Ideally the sequence should be something like an IEnumerable<int>, and it lazily returns the next number in sequence, only when requested.
I did some quick research and I found some partial solutions to this:
Using a maximal linear feedback shift register - if I understood correctly, it only generates the numbers in increasing sequence and it does not cover the entire range
Using the Fisher-Yates or other shuffling algorithms over collections - this would violate the memory restrictions given the large range
Maintaining a set-like collection and keep generating a random integer (perhaps using Random) until it doesn't repeat, i.e. it's not in the set - apart from possibly failing to satisfy the memory requirements, it would get ridiculously slow when generating the last numbers in the sequence.
Random permutations over 32 bits, however I can't think of a way to ensure non-repeatability.
Is there another way to look at this problem - perhaps taking advantage of the fixed range of values - that would give a solution satisfying the memory requirements? Maybe the .NET class libraries come with something useful?
UPDATE 1
Thanks everyone for your insights and creative suggestions for a solution. I'll try to implement and test soon (both for correctness and memory efficiency) the 2 or 3 most promising solutions proposed here, post the results and then pick a "winner".
UPDATE 2
I tried implementing hvd's suggestion in the comment below. I tried using both the BitArray in .NET and my custom implementation, since the .NET one is limited to int.MaxValue entries, so not enough to cover the entire range of integers.
I liked the simplicity of the idea and i was willing to "sacrifice" those 512 MB of memory if it worked fine. Unfortunately, the run time is quite slow, spending up to tens of seconds to generate the next random number on my machine, which has a 3.5 GHz Core i7 CPU. So unfortunately this is not acceptable if you request many, many random numbers to be generated. I guess it's predictable though, it's a O(M x N) algorithm if i'm not mistaken, where N is 2^32 and M is the number of requested integers, so all those iterations take their toll.
Ideally i'd like to generate the next random number in O(1) time, while still meeting the memory requirements, maybe the next algorithms suggested here are suited for this. I'll give them a try as soon as I can.
UPDATE 3
I just tested the Linear Congruential Generator and i can say i'm quite pleased with the results. It looks like a strong contender for the winner position in this thread.
Correctness: all integers generated exactly once (i used a bit vector to check this).
Randomness: fairly good.
Memory usage: Excellent, just a few bytes.
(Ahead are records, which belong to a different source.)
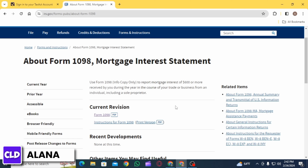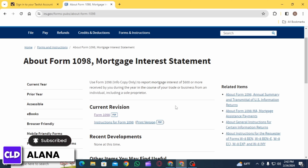This helps taxpayers accurately report income, deductions, and credits on their tax return. TaxAct will prompt you to enter the details from your Form 1098, including the amount of mortgage interest paid and the name and address of the lender. Simply follow the on-screen instructions to enter the required information correctly, and review your entries to ensure accuracy before proceeding.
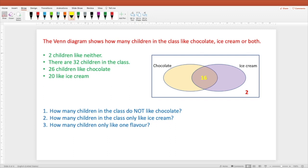Hello, everyone. So this is today's question about a Venn diagram which shows how many students in the class like chocolate, ice cream, or both. Let's have a look at this Venn diagram to see the details. We have the class divided into chocolate and ice cream groups.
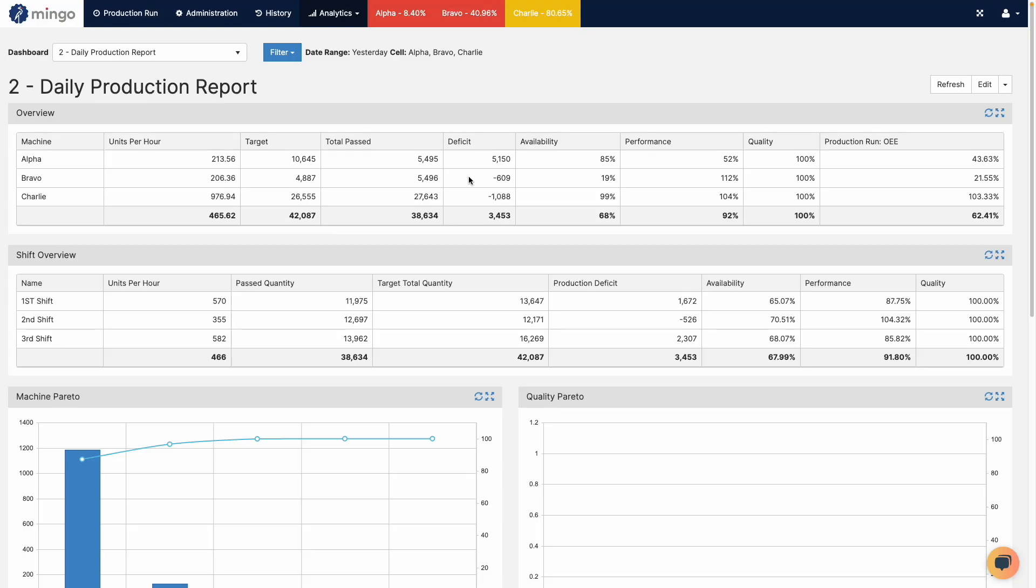Hi, this is Brian with Mingo Smart Factory. In this video I'm going to cover a really cool feature which is the ability to drill down and edit records directly from a dashboard.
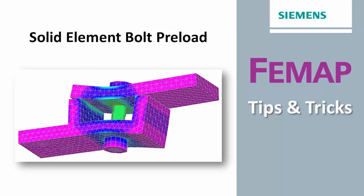Welcome to FEMAP Tips and Tricks. There have been methods of modeling bolt preloads in a finite element model for many years.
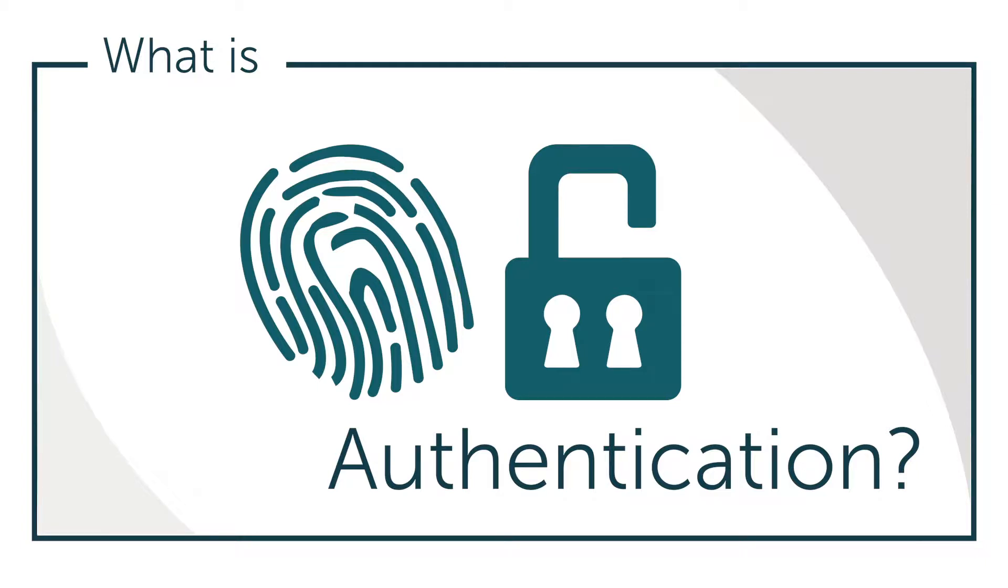Hey, it's Vince with JumpCloud. Welcome to another episode of our What Is video series. In this episode, we'll be talking about authentication. So what is authentication?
Run time: Generates the next random integer very fast, as you can expect from an O(1) algorithm. Generating every integer took a total of approx. 11 seconds on my machine.
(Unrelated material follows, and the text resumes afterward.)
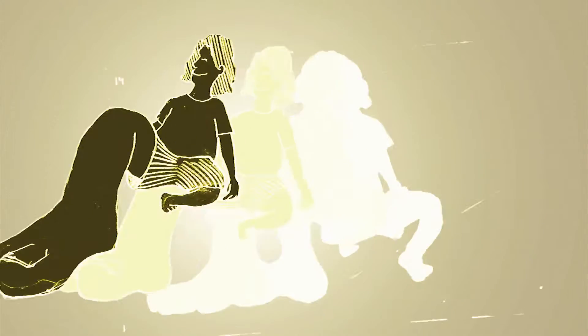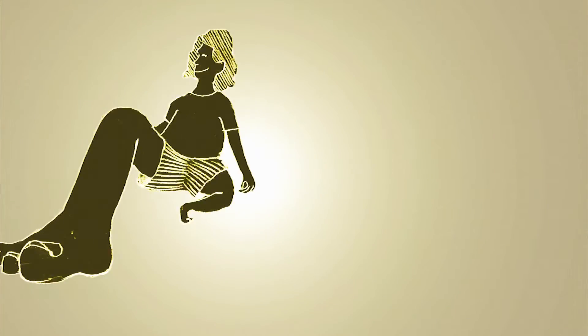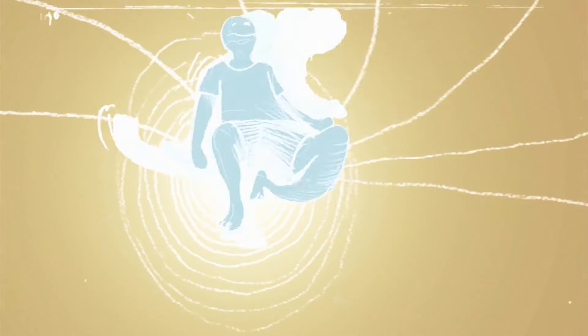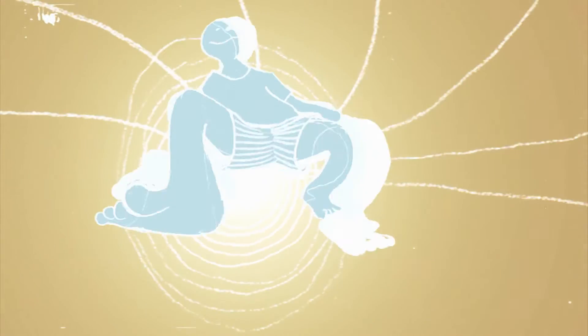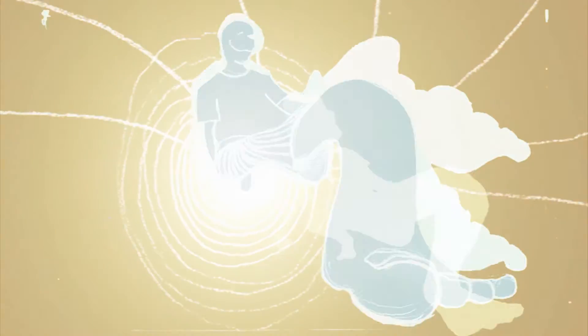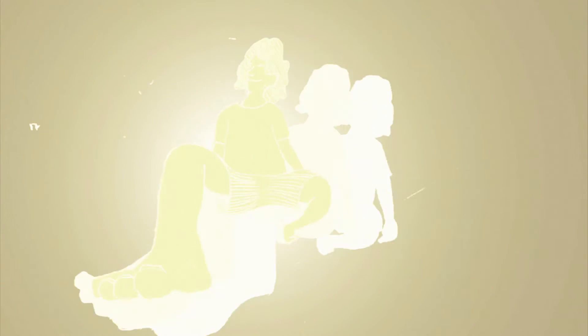Sometimes you wish that there was someone there to hold you back. Sometimes you wish that there was someone there you knew you loved.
All in all i'd say it's a very appropriate technique if you're not looking for highly randomized sequences.
UPDATE 4
The modular multiplicative inverse technique described below behaves quite similarly to the LCG technique - not surprising, since both are based on modular arithmetic -, although i found it a bit less straightforward to implement in order to yield satisfactorily random sequences.
One interesting difference I found is that this technique seems faster than LCG: generating the entire sequence took about 8 seconds, versus 11 seconds for LCG. Other than this, all other remarks about memory efficiency, correctness and randomness are the same.
UPDATE 5
Looks like user TomTom deleted their answer with the Mersenne Twister without notice after i pointed out in a comment that i found out that it generates duplicate numbers sooner than required. So i guess this rules out the Mersenne Twister entirely.
UPDATE 6
I tested another suggested technique that looks promising, Skip32, and while i really liked the quality of the random numbers, the algorithm is not suitable for generating the entire range of integers in an acceptable amount of time. So unfortunately it falls short when compared to the other techniques that were able to finish the process. I used the implementation in C# from here, by the way - i changed the code to reduce the number of rounds to 1 but it still can't finish in a timely manner.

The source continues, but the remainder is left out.